Permafrost Discovery Gateway Webinar: Assessing Ice Wedge Degradation Stage Using Multi-Scale Remote Sensing
Speaking: Katie Braun & Christian Andresen, University of Wisconsin - Madison
Event Type: Webinars and Virtual Events
When: 20 April 2023
Where: Online: 9:00-10:00 am AKST, 1:00-2:00 pm EST
The Permafrost Discovery Gateway hosts a monthly webinar series on a Thursday at 09:00 Alaska time. The webinar aims to 1) connect the international science community interested in big data remote sensing of permafrost landscapes, and 2) provide the Permafrost Discovery Gateway development team with end-user stories (by the presenter and webinar participants), such as exploring tools the community needs to create and explore big data.

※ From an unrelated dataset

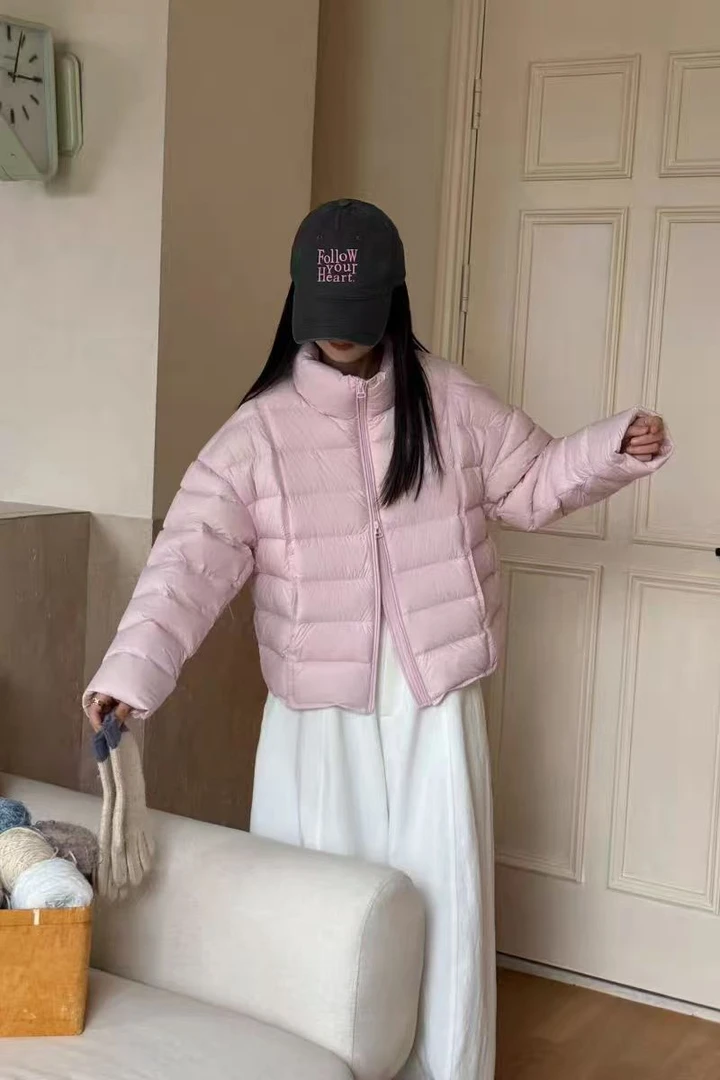 排骨羽绒服女短款立领2025冬季新款90白鸭绒面包服保暖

Common methods of mapping ice wedge degradation use surface water in remotely sensed imagery as a proxy for ice-wedge degradation; this method consistently underestimates total degradation as surface hydrology in ice-wedge troughs is complex and only a portion of degrading ice wedges are flooded. More accurate remote sensing methods for detecting ice- wedge degradation stages – that depict ice wedges in undegraded, degraded, and stabilized states – will better allow us to monitor and predict Arctic landscape change. We characterized ice wedge degradation stages near Prudhoe Bay, Alaska using a novel approach that combines spectral (e.g., NDVI and NIR) and geometric properties of thermokarst pits and troughs with high-resolution (0.5 m) WorldView-2 imagery. Spatial patterns in ice-wedge degradation were identified through clustering: areas with significantly similar trough widths and flooding stage were grouped into hydrogeomorphic units. We can associate these hydrogeomorphic units with ice-wedge degradation stages based on both fieldwork and high-resolution temporal analysis of the evolution of these ice wedge landscapes. The resulting maps of ice-wedge trough networks and degradation estimates have been validated with field observations, drone LIDAR, multi- spectral and photogrammetry surveys. These improved maps of ice-wedge networks reveal that ice wedge degradation is heterogeneous across both meter and kilometer scales. In addition, this approach can provide high resolution baseline datasets for training deep-learning AI mapping efforts of ice-wedge degradation stages across greater spatial and temporal scales.